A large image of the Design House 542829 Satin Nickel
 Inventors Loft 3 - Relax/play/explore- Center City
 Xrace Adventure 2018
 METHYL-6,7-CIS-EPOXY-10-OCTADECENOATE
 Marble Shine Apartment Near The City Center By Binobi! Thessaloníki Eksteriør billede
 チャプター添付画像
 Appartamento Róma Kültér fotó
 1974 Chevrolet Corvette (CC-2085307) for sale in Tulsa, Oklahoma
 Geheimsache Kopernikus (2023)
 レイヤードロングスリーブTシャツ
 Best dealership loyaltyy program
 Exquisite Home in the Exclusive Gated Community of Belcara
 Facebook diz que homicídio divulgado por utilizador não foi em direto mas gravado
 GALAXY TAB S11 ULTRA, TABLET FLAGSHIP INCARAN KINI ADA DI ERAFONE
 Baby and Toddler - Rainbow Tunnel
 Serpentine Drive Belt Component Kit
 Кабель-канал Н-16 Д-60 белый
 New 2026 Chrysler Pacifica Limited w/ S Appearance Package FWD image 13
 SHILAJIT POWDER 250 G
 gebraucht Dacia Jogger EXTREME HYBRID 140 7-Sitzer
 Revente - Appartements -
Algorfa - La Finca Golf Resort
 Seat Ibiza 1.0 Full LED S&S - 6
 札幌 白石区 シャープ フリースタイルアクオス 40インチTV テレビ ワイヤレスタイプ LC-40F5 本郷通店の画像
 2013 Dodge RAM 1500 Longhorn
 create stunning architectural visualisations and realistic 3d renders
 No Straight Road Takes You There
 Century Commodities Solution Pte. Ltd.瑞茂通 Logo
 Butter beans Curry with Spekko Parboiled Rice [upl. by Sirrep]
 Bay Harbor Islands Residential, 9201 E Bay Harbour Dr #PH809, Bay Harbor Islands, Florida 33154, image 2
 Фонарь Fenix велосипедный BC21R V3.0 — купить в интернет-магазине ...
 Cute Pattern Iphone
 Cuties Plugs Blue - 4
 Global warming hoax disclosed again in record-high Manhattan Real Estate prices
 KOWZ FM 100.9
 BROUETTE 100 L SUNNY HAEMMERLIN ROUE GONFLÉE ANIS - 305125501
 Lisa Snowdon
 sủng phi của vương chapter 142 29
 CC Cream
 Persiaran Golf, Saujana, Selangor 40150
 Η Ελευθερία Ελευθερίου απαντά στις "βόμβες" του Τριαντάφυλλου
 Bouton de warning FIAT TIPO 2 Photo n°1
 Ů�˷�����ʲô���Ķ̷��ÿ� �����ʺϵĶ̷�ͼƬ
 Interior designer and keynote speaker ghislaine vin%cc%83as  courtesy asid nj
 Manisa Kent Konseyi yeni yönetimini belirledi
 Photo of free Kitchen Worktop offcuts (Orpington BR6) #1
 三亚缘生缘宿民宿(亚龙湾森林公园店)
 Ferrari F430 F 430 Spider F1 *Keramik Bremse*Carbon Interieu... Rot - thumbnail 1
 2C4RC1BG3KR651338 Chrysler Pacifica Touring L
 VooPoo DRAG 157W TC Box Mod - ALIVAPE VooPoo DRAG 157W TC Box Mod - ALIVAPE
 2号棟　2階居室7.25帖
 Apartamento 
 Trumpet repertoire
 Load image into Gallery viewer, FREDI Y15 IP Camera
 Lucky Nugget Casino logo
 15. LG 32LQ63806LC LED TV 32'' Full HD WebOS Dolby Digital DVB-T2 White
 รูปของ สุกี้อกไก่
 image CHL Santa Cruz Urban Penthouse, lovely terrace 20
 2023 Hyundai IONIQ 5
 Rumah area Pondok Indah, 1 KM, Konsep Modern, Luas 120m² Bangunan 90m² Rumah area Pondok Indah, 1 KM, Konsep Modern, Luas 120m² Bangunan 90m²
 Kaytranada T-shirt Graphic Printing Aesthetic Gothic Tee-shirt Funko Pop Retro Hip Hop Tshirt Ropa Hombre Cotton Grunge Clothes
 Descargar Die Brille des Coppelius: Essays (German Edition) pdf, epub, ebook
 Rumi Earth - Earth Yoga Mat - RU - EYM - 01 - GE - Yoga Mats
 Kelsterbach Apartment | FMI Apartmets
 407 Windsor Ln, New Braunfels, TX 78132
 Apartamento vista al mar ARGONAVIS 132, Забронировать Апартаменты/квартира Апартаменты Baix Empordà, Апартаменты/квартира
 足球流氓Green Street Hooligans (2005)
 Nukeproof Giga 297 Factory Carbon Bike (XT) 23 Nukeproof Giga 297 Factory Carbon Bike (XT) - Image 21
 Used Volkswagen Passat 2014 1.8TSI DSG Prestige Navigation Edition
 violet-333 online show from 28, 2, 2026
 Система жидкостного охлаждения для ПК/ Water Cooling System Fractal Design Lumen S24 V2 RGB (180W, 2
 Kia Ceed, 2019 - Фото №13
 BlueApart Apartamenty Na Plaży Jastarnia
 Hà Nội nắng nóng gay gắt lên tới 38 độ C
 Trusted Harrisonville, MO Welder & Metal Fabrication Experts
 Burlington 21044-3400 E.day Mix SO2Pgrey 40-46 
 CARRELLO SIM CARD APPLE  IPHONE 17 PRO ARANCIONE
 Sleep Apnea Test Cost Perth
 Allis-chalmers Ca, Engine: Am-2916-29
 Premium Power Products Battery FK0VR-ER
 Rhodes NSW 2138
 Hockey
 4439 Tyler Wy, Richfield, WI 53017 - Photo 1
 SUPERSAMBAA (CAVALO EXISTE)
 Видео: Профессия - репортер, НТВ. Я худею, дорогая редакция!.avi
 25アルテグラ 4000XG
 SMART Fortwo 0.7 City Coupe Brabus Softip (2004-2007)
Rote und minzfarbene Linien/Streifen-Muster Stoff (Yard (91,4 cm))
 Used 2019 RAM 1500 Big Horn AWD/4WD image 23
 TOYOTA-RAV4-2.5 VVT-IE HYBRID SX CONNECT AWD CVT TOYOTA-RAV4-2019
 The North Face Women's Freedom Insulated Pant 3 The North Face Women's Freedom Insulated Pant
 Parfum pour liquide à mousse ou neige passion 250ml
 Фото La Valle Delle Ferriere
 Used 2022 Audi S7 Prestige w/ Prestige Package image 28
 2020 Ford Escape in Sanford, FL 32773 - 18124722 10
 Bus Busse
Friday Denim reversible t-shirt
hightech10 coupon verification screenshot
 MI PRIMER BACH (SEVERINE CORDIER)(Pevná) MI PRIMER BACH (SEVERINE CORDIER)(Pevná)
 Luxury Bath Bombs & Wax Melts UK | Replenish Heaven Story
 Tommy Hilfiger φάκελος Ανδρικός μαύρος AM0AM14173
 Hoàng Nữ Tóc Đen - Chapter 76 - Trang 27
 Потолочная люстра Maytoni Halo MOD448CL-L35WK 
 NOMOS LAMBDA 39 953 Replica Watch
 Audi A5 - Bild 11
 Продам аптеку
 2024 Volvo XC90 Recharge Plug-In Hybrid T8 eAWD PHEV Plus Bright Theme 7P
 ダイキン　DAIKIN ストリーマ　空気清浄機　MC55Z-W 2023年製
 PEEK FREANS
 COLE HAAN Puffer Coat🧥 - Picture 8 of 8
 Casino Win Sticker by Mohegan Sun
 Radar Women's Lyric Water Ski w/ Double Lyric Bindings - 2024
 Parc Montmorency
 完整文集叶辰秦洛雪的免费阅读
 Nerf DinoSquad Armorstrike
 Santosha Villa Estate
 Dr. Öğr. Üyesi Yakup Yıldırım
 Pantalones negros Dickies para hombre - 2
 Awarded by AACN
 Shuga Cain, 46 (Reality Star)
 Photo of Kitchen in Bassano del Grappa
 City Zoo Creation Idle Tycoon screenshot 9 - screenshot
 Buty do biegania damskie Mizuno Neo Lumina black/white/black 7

**WHAT THE TASK ASKS:**
Would you copy exactly the lines from the one that contains "PEEK FREANS" through the final line of the records above, including both?

**ANSWER FOR THIS EXERCISE:**
 PEEK FREANS
 COLE HAAN Puffer Coat🧥 - Picture 8 of 8
 Casino Win Sticker by Mohegan Sun
 Radar Women's Lyric Water Ski w/ Double Lyric Bindings - 2024
 Parc Montmorency
 完整文集叶辰秦洛雪的免费阅读
 Nerf DinoSquad Armorstrike
 Santosha Villa Estate
 Dr. Öğr. Üyesi Yakup Yıldırım
 Pantalones negros Dickies para hombre - 2
 Awarded by AACN
 Shuga Cain, 46 (Reality Star)
 Photo of Kitchen in Bassano del Grappa
 City Zoo Creation Idle Tycoon screenshot 9 - screenshot
 Buty do biegania damskie Mizuno Neo Lumina black/white/black 7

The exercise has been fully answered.